From table 20 of the code, for M25 concrete, τc,max =3.1 N/mm2
Thus we get VuR,lim =682000 N =682 kN. This is greater than Vu. Hence OK

We have used the maximum possible value (the support reaction) of Vu for the above check. For the design of stirrups, we will be using a lesser value (the shear force at the critical section, which is at a distance d from the face of the support) of Vu. The check is satisfied for the maximum possible value. So it will be satisfied for the Vu at critical section also. So we can proceed with the design.
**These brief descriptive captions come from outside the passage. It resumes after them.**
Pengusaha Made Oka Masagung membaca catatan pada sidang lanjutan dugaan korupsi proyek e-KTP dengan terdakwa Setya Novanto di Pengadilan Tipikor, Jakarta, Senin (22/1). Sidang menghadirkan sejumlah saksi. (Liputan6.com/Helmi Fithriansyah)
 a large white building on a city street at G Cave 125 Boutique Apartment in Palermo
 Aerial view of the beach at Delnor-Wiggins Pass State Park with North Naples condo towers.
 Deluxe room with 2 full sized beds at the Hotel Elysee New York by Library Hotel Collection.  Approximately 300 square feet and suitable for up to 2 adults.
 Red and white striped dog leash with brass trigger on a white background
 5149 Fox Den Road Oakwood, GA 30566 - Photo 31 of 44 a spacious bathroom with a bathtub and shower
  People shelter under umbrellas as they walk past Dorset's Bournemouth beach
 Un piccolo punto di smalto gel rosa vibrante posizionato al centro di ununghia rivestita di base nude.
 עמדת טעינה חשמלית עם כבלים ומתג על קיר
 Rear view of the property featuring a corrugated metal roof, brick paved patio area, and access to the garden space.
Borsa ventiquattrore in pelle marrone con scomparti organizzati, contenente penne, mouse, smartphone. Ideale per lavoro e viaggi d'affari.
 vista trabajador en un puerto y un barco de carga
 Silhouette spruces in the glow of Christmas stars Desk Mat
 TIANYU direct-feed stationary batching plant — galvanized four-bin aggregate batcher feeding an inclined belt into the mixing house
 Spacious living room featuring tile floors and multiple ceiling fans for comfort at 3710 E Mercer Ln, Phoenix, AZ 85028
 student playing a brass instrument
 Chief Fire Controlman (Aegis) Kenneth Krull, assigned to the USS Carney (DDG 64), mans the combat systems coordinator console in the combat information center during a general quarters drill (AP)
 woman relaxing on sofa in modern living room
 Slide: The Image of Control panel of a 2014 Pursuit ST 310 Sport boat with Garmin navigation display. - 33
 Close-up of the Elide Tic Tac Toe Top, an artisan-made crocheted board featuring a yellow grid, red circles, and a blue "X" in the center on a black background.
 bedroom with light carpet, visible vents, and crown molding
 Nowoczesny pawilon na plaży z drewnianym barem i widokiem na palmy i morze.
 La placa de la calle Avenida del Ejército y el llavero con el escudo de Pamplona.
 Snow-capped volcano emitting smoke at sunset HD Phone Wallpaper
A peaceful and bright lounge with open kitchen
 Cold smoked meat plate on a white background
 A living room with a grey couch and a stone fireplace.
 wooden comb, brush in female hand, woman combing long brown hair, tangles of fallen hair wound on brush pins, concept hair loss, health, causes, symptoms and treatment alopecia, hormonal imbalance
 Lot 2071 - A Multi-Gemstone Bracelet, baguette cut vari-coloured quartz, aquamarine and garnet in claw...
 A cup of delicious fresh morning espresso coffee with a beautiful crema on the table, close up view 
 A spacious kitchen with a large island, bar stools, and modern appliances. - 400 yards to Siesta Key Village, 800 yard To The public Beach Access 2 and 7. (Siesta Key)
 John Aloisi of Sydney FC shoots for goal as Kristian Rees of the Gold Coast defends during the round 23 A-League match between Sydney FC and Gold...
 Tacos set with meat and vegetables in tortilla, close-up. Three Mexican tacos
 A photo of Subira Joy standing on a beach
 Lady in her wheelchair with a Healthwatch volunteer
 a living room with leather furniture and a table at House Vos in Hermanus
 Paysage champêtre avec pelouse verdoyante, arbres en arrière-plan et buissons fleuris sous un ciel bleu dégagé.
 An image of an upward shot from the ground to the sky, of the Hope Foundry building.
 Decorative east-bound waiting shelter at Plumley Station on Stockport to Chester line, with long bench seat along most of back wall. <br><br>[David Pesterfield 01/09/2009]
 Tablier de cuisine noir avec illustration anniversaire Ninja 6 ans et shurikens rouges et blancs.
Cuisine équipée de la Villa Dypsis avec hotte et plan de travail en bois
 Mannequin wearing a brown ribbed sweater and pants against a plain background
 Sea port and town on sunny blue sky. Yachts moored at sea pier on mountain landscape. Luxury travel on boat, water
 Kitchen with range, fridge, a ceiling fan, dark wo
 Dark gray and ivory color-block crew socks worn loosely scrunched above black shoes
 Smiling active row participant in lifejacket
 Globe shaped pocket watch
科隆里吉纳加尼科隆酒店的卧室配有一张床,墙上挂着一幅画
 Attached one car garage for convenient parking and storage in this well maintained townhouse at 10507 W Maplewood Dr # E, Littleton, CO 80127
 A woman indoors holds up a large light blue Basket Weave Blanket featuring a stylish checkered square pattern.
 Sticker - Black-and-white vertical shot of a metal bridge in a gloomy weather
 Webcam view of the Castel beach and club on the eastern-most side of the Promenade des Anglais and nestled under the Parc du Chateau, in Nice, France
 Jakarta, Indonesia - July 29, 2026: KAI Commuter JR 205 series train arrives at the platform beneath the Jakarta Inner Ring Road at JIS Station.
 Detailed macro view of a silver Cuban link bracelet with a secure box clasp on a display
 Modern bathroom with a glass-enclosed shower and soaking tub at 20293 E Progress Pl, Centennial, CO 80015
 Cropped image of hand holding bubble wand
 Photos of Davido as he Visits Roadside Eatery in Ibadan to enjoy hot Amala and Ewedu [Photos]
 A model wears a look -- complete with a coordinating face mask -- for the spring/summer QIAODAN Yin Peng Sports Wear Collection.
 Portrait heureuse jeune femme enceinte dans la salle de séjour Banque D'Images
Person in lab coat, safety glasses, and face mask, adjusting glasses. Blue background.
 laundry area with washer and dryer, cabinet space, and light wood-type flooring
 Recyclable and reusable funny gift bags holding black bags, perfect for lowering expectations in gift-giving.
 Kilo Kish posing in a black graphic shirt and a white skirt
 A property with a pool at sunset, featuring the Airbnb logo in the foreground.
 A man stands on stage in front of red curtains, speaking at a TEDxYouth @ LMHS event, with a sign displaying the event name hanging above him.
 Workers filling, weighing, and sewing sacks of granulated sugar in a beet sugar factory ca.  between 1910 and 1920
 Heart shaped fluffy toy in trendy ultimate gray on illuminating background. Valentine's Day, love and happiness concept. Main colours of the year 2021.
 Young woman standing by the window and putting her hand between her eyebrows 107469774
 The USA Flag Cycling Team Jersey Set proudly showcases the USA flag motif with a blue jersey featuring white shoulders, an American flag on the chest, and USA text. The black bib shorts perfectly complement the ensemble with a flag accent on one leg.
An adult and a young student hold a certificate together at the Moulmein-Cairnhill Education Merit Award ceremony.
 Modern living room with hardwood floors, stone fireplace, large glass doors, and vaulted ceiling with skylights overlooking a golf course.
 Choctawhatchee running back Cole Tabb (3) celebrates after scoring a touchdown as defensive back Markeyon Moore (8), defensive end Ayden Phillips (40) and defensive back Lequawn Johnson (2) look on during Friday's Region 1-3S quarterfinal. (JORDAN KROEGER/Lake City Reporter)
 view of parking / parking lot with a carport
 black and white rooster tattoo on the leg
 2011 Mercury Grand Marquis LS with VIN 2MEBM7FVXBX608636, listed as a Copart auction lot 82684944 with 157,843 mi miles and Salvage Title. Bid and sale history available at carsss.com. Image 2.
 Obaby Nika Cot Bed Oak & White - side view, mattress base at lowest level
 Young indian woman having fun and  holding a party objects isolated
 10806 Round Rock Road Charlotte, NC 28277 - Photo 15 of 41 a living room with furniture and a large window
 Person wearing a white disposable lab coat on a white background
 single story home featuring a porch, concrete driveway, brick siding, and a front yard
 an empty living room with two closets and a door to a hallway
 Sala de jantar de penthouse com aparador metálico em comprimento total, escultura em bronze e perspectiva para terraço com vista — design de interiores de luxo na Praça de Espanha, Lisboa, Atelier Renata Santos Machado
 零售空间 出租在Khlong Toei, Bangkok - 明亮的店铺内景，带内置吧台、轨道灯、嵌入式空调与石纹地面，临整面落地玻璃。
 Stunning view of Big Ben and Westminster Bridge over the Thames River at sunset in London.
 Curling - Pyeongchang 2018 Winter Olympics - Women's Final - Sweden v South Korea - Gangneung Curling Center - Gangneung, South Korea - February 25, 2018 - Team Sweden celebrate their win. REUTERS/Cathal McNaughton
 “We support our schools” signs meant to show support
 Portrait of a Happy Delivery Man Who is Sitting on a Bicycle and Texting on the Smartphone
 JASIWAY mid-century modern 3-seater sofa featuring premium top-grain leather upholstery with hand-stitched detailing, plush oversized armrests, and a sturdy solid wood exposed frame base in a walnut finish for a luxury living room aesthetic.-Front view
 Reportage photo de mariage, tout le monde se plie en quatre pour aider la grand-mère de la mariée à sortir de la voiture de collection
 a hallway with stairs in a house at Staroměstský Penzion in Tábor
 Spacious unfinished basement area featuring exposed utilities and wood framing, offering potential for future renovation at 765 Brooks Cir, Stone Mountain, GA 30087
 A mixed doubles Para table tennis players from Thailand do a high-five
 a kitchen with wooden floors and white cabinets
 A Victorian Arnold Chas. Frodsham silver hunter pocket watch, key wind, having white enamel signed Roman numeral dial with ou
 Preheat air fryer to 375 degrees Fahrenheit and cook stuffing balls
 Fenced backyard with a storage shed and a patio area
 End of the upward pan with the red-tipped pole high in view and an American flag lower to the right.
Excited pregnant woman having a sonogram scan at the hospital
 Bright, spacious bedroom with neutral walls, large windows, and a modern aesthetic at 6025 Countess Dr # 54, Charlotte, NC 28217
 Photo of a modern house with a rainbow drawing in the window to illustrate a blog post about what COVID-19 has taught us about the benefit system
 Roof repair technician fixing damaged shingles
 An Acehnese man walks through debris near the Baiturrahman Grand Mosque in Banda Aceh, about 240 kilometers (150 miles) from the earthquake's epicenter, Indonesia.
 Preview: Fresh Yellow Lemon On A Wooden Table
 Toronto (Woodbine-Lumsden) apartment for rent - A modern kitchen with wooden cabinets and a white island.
We will now draw the Shear force diagram for the beam:
The data required for drawing the SF diagram are the following:
Total Factored udl =wu =135 kN/m
Effective span =l =6000 mm

In the above diagram, points A and C have a 'y' coordinate of 405 kN, which is the support reaction.

It may be noted that the equation of the above shear force plot is: y =405 -135x - - - (1)
• 405 is the support reaction
• 135 is the udl

Now we will consider Vuc, the contribution from concrete:
The bottom tensile steel is given uninterrupted from support to support. So Ast will be the same at whichever section that we take.  This means that the shear stress contributed by concrete will be the same at whichever section that we take. So the graph of Vuc will be a horizontal line.

We have Vuc =τcbd (Details here). We have to calculate τc. For this, we look at table 19 of the code.

pt = 100Ast/bd =1.785

1.750   0.7800
1.785   0.7856
2.000   0.8200. So we get τc =0.7856 N/mm2.

Thus Vuc = 172,832.000 N =172.832 kN
So the plot of Vuc will be as follows:

In the above diagram, points D and D' have a 'y' coordinate of 172.832 which is the value of Vuc.
It may be noted that the equation of the above plot is: 
• y =172.83 upto the mid span and 
• y = -172.83 from the mid span to the end support. 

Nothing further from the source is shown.